Usual RS485 gotchas:
1) RS485 is a three-wire bus. Ground (or return) wire is absolutely mandatory. Some devices use mains protective earth as RS485 ground, which is confusing and usually causes EMC/EMI failure, but communication still often works even with such designs; but if you don't have even that, but have completely floating grounds, it's likely not going to work at all.
2) Additionally to termination (the need of which is probably well known even to young players), you also need biasing. Termination resistors are used twice (once at each end of the bus); biasing resistors are used once at the bus (where exactly does not matter, but often at master). Google for "RS485 fail-safe biasing" for application notes how to calculate them, but do note the name is absurd, fail-safe biasing has absolutely nothing to do with fail-safe, it's a normal operational requirement.

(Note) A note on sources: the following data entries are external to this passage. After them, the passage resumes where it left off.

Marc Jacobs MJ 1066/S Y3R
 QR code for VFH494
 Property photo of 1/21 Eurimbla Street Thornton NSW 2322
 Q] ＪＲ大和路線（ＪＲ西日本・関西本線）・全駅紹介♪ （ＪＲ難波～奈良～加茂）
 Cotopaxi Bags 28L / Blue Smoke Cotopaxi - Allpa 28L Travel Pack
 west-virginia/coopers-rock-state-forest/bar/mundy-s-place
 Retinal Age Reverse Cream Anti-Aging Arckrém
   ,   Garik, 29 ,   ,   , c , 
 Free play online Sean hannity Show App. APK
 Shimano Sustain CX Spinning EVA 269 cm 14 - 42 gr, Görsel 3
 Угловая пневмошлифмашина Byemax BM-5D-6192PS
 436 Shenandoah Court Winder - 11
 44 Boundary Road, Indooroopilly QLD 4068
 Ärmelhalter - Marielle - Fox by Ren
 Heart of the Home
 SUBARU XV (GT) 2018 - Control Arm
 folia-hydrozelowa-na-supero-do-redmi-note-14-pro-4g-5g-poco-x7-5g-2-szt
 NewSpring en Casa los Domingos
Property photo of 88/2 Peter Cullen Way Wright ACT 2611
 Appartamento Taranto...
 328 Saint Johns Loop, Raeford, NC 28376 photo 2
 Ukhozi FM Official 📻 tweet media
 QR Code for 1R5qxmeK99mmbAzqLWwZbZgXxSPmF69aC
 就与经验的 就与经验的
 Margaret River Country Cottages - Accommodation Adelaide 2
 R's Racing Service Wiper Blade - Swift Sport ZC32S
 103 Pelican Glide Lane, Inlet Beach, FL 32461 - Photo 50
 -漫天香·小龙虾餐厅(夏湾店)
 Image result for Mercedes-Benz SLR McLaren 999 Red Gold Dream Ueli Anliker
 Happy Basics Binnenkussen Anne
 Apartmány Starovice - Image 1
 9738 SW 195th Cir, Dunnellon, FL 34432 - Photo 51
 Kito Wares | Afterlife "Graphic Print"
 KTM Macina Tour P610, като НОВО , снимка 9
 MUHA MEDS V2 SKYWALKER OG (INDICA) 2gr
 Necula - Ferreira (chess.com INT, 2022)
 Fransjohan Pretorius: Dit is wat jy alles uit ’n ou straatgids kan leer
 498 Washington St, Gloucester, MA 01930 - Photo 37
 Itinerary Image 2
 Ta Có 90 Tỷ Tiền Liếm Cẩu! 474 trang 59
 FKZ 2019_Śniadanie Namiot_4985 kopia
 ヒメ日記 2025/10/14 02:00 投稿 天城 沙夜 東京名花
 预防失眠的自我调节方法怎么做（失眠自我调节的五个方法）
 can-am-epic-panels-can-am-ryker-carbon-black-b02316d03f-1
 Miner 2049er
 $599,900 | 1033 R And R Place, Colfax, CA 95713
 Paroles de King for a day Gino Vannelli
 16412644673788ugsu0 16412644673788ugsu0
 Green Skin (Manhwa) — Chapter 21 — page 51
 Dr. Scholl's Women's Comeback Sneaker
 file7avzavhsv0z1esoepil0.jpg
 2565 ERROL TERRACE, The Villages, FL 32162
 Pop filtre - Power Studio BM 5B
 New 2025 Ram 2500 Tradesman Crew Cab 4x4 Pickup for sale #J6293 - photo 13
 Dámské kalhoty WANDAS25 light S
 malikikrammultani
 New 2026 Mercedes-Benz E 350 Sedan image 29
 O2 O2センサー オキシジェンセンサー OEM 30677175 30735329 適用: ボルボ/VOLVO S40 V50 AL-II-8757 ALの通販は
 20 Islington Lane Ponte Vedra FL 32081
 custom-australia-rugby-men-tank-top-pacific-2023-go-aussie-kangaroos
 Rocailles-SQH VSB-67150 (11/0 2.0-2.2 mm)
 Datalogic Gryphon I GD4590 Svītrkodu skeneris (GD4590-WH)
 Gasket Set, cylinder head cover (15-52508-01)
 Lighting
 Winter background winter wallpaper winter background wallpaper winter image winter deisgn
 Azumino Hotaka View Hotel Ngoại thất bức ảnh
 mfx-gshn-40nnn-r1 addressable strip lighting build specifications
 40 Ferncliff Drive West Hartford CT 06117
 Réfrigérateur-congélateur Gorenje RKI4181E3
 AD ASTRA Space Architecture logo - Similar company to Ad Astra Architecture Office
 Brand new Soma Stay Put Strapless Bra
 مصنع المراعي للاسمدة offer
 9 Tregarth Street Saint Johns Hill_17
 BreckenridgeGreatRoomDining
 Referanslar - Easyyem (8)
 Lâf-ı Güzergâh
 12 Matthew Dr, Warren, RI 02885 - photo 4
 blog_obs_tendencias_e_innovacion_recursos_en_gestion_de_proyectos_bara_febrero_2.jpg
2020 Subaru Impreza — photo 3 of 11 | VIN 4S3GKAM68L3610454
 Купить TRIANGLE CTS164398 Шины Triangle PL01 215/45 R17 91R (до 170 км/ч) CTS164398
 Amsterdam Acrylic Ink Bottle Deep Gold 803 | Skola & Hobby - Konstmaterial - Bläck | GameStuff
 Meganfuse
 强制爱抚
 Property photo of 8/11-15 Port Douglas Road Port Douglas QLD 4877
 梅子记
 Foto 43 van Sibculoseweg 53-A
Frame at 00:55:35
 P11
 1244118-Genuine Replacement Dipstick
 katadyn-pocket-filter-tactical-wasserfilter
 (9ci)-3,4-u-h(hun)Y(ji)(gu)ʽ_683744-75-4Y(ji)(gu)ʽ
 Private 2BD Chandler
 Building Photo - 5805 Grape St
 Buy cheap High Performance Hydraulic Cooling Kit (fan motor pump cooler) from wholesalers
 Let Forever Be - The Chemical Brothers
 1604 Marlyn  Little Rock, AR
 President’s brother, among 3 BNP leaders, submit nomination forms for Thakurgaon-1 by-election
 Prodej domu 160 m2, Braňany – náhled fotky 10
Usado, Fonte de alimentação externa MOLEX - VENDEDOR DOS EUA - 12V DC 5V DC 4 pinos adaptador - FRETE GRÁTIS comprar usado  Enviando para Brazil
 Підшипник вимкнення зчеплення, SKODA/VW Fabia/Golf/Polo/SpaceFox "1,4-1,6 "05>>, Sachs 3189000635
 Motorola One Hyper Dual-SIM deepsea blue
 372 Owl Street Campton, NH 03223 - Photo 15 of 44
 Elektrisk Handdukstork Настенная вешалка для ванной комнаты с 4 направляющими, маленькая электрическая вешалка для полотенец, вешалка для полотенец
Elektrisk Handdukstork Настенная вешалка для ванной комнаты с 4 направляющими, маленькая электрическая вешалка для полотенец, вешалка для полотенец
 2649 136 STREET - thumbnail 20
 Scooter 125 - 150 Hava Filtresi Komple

3) Note how there are two differing ways to label A and B; basically Wikipedia + a few others, versus most of the manufacturers. There is still enough disagreement about what the standard originally meant and who is right and who is wrong, so that only practical way is to always test swapping these two signals until the communications work. If you need to try out other parameters, too, this doubles the number of permutations; for each experiment you make, you need to test it with A&B swapped and non-swapped.
Your way of finding the shortest bit and measure it's period seems correct to me. Expect to see any weird baud rates in RS485 systems. And also any stop bit and parity settings. And remember that even if a standard such as the modbus standard says something about the required parity setting, that does not mean anyone follows these requirements.